Take Precautions When Outdoors


    It is recommended to avoid places where air quality is poor such as crowded malls and cinemas. In recent years, many areas in the world are plagued with air pollution. Reduce your outdoor physical activity and wear a mask.

     On hazy days, there are a large number of particles floating in the air. The size of the particles is very important. Those particles 10 micrometers or less in diameter tend to pose the greatest health concern because they can get deep into the lungs. When a sensitive person inhales an excess of these particles, it can increase their risk of developing viral and bacterial infections, which will then cause an infection of the upper respiratory tract.

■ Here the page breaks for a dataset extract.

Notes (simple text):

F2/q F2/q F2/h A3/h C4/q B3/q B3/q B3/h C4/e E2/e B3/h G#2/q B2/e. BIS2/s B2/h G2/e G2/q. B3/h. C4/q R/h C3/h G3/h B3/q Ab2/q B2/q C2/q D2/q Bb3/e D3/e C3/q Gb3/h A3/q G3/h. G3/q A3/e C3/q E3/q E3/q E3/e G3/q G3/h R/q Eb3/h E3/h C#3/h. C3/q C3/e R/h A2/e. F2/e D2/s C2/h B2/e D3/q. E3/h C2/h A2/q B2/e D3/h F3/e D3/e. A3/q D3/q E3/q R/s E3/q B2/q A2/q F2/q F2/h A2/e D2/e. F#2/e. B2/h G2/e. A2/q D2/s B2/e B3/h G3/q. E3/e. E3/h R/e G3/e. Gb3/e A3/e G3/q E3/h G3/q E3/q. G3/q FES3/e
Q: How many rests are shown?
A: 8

Prevention of Seasonal Allergies


    To combat peak allergy season, keep indoor humidity at a suitable level, drink more water, and increase your intake of protein and nutrient-dense foods. Some people find that eating raw, local honey at the start of allergy season helps them to develop a tolerance to local pollen. There are studies that support this, although research is mixed. It’s worth giving it a try.



Daily Routine and Healthy Diet


Positive mindset and relaxation

    During stressful situations, the body releases cytokines, which have an effect on the severity of your allergy attacks. Furthermore, stress and anxiety cause the immune system to function improperly, setting the stage for more intense allergic reactions. Maintain a positive mindset and engage in relaxing exercises in order to strengthen your immune system.

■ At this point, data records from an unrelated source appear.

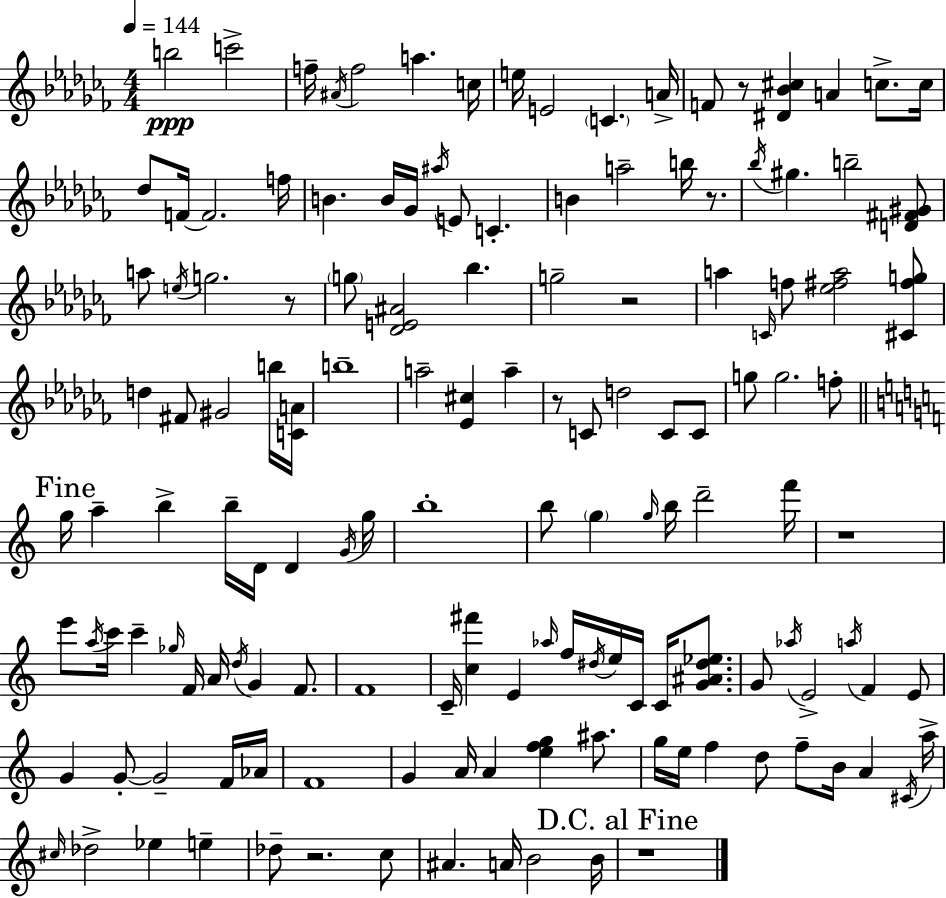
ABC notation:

X:1
T:Untitled
M:4/4
L:1/4
K:Abm
b2 c'2 f/4 ^A/4 f2 a c/4 e/4 E2 C A/4 F/2 z/2 [^D_B^c] A c/2 c/4 _d/2 F/4 F2 f/4 B B/4 _G/4 ^a/4 E/2 C B a2 b/4 z/2 _b/4 ^g b2 [D^F^G]/2 a/2 e/4 g2 z/2 g/2 [_DE^A]2 _b g2 z2 a C/4 f/2 [_e^fa]2 [^C^fg]/2 d ^F/2 ^G2 b/4 [CA]/4 b4 a2 [_E^c] a z/2 C/2 d2 C/2 C/2 g/2 g2 f/2 g/4 a b b/4 D/4 D G/4 g/4 b4 b/2 g g/4 b/4 d'2 f'/4 z4 e'/2 a/4 c'/4 c' _g/4 F/4 A/4 d/4 G F/2 F4 C/4 [c^f'] E _a/4 f/4 ^d/4 e/4 C/4 C/4 [G^A^d_e]/2 G/2 _a/4 E2 a/4 F E/2 G G/2 G2 F/4 _A/4 F4 G A/4 A [efg] ^a/2 g/4 e/4 f d/2 f/2 B/4 A ^C/4 a/4 ^c/4 _d2 _e e _d/2 z2 c/2 ^A A/4 B2 B/4 z4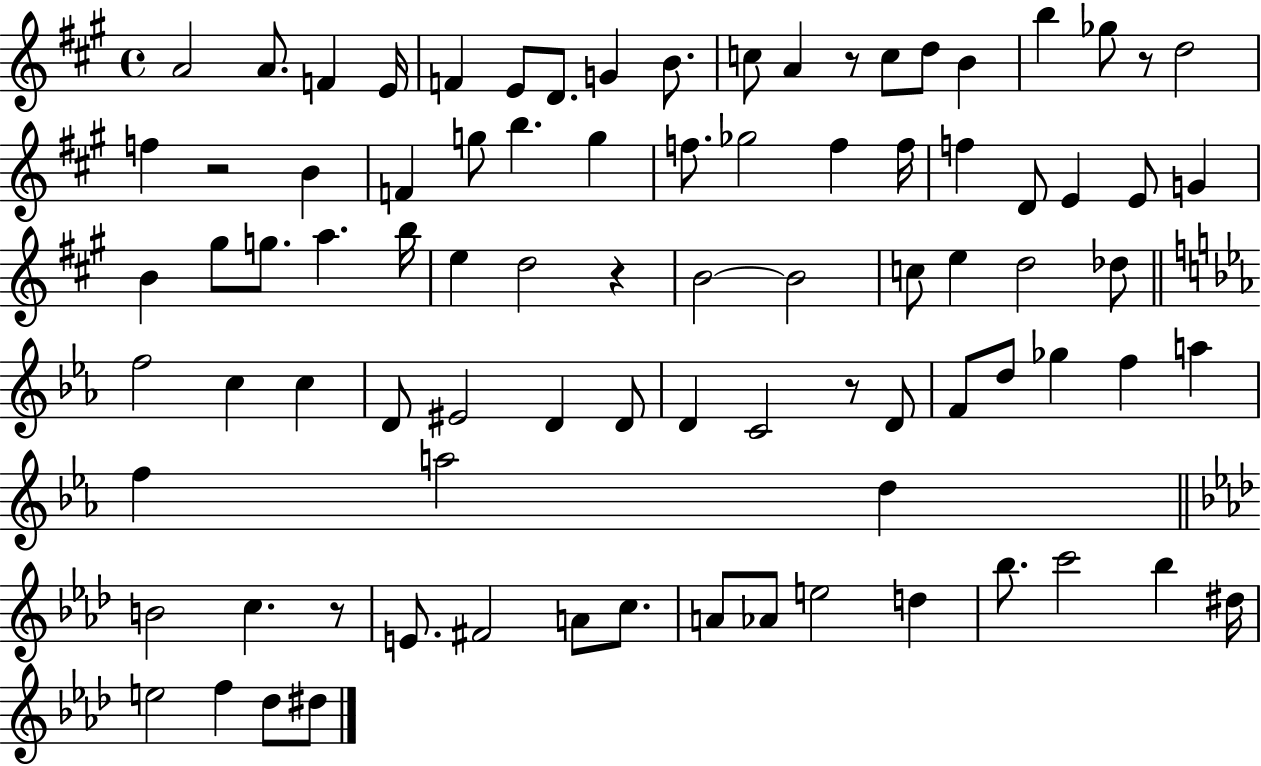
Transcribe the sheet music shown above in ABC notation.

X:1
T:Untitled
M:4/4
L:1/4
K:A
A2 A/2 F E/4 F E/2 D/2 G B/2 c/2 A z/2 c/2 d/2 B b _g/2 z/2 d2 f z2 B F g/2 b g f/2 _g2 f f/4 f D/2 E E/2 G B ^g/2 g/2 a b/4 e d2 z B2 B2 c/2 e d2 _d/2 f2 c c D/2 ^E2 D D/2 D C2 z/2 D/2 F/2 d/2 _g f a f a2 d B2 c z/2 E/2 ^F2 A/2 c/2 A/2 _A/2 e2 d _b/2 c'2 _b ^d/4 e2 f _d/2 ^d/2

Pay special attention to the daily dietn

    If you have food allergies, make use of a food diary to determine which foods trigger your allergy symptoms. By keeping a food diary and recording what you have eaten throughout the day and the symptoms you experienced, it will help you to discover the offending food or foods. As well, Traditional Chinese Medicine says that people who are prone to allergies should not drink ice water or eat cold food, so as not to stimulate the cause of allergies.

    Eating foods that have the potential to curb allergies is always a smart idea. A diet high in antioxidant-rich foods and low in sugar and junk food will reduce overall inflammation in the body. Eat foods that contain quercetin, a plant flavonoid that is a natural antihistamine. Quercetin-containing items include apples, peppers, berries, leafy greens, as well as many other plant foods. Be sure to make foods rich in probiotics a part of your diet, as these healthy bacteria regulate your immune system and may treat or prevent allergies. Good probiotic options are miso, kimchi and kefir. Tea, particularly green tea, contains natural antihistamines, so sipping a cup regularly can be a good allergy-calming measure. Try drinking green tea in the morning if you are prone to morning sneezing. When pollen is flooding the air, avoid spicy foods, as they can increase histamine in the body.       

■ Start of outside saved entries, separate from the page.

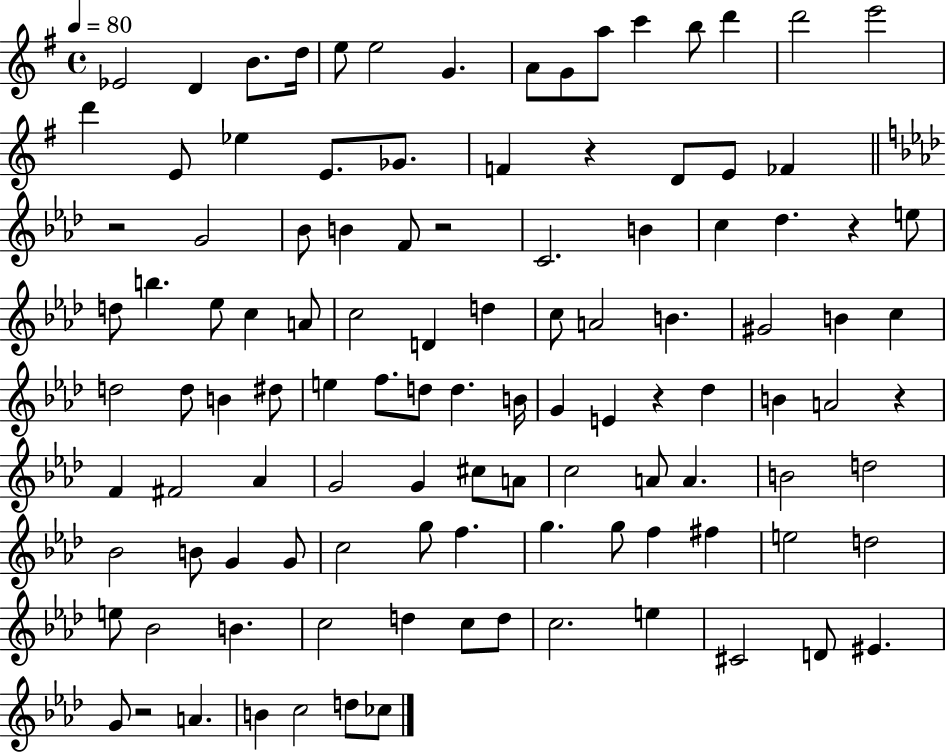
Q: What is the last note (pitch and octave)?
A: CES5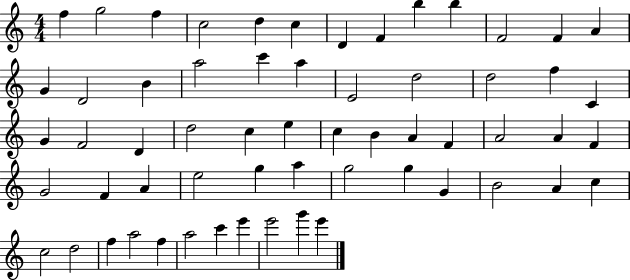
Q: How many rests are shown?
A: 0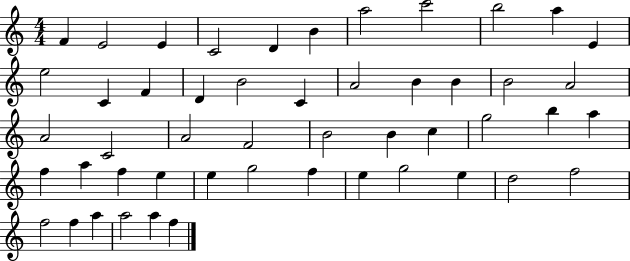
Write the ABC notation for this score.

X:1
T:Untitled
M:4/4
L:1/4
K:C
F E2 E C2 D B a2 c'2 b2 a E e2 C F D B2 C A2 B B B2 A2 A2 C2 A2 F2 B2 B c g2 b a f a f e e g2 f e g2 e d2 f2 f2 f a a2 a f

Make it a habit to get adequate sleep


    Try to go to sleep before 11 p.m. Good-quality sleep of adequate duration helps to boost the immune system. Having a strong immune system could reduce the severity of allergic reactions.


Exercise Is Essential


    Respiratory allergy is caused by an immune-system disorder. If you pay attention to your diet and avoid the allergens, it is possible to reduce the incidence of allergic reactions. Studies have also shown that allergy symptoms improve as fitness improves. The right amount of exercise such as walking, cycling, swimming, or hiking can boost your immune system.

     Besides the aforementioned exercises, the walking meditation Energy Bagua and prostration can help to strengthen the immune system and internal organs. If you persist in practicing for a period of time, you may experience significant improvement in allergy symptoms due to deep cleansing at a cellular level.

     By strengthening the immune system, eating a nourishing diet, getting proper rest and exercise, and avoiding known allergens, it is possible to breathe easy and experience a new allergy-free lease on life.